Jackson smiled again but it was a different kind of smile, one that Anton thought contained an element of sadness. “Right,” Jackson said. He stood up, smoothing imaginary wrinkles from the front of his suit jacket. “Well, we’ll speak again about this soon. Did I hear a rumor that you’re getting married?”
“End of August,” Anton said.
“Congratulations. Are you going anywhere afterward?”
“Italy,” Anton said. “Rome, Capri, Ischia.”
“Ischia. Is that an island?”
Anton nodded. “In the Bay of Naples,” he said.
On the way in to the office sometimes, in the days after the first conversation with Jackson, Anton closed his eyes in the subway train and tried to concentrate on everything that wasn’t ruined yet. There was an idea he’d been thinking about for years now but especially lately, which was that everything he saw contained a flicker of divinity, and this lent the city a halo of brightness.
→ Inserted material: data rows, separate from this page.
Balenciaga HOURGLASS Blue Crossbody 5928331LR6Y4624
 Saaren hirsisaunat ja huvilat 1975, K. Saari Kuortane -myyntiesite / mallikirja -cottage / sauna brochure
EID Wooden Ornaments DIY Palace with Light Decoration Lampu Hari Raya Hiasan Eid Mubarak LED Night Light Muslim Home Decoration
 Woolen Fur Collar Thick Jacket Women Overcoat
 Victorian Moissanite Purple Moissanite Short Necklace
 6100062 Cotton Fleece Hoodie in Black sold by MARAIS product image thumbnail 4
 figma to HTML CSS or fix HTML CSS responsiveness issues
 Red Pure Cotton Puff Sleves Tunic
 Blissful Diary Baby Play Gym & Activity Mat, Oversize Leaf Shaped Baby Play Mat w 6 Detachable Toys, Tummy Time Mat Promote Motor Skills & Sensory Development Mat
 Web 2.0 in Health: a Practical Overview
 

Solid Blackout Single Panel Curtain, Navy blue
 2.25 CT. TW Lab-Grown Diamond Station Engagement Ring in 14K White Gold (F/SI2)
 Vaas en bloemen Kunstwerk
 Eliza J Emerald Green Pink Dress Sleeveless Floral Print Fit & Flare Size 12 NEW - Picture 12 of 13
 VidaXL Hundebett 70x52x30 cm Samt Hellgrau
Fallen, maybe, but beauty in the decrepitude, and it still seemed plausible in those days that everything might somehow fall back into place, that the background check might not have turned up anything of interest, that his original secretary might reappear at any moment. Easy to take refuge in the idea of holiness, with so much still possible and so much at stake.
The idea that everything might be somewhat holy had come originally from his mother, reading excerpts from a book on the philosophy of Spinoza on a Sunday afternoon. He was no older than twelve, and they were sitting together on the loading dock. She was reading him something impenetrable, he didn’t understand half the words and she glanced up and saw the blank look on his face. “Look,” she said, “I know the language is intense. None of the words are important, it’s the idea that matters: he’s saying God didn’t create the universe, God is the universe. Do you understand?”
“I do,” he said.
Look at my holy fiancée in the mornings, pale and darting-eyed as she anoints her face with creams and powders. Look at my holy one-eyed cat, rescued two years ago as a sickly kitten from an unholy doorstep on West 121st Street. Look at the holy trains that carry us down into the depths of this city, passing through stations that shine like harbors in the deep. Look at the holy trees down the center of Broadway, the holy newspaper lying discarded on the sidewalk, the holy cathedral of Grand Central Station where we pass each morning under a canopy of stars. Anton glanced up every morning as he crossed the main concourse. Its ceiling was a chalky green-blue upon which stars were pinpointed in lights, the shapes of constellations etched in gold around them. The constellations were backward; the artist had been influenced, the sponsors claimed after the fact, by a medieval manuscript showing the stars as seen by God from above. It was impossible to stop and look up at the ceiling in the blazing crowd, everyone rushing in different directions to different jobs, but the glimpses were nearly enough. Anton was aware of no place more beautiful in the city. The color of the ceiling always struck him as being more ocean-like than sky-like, and the stars made him think of phosphorus, which he’d read about but never seen. There was one morning in particular when he wanted to ask Elena if she’d ever seen phosphorus, but it was Thursday and of course Elena had vanished four days ago, and he was waging a war of attrition with his new secretary. She ignored him as he walked past her into his office that morning.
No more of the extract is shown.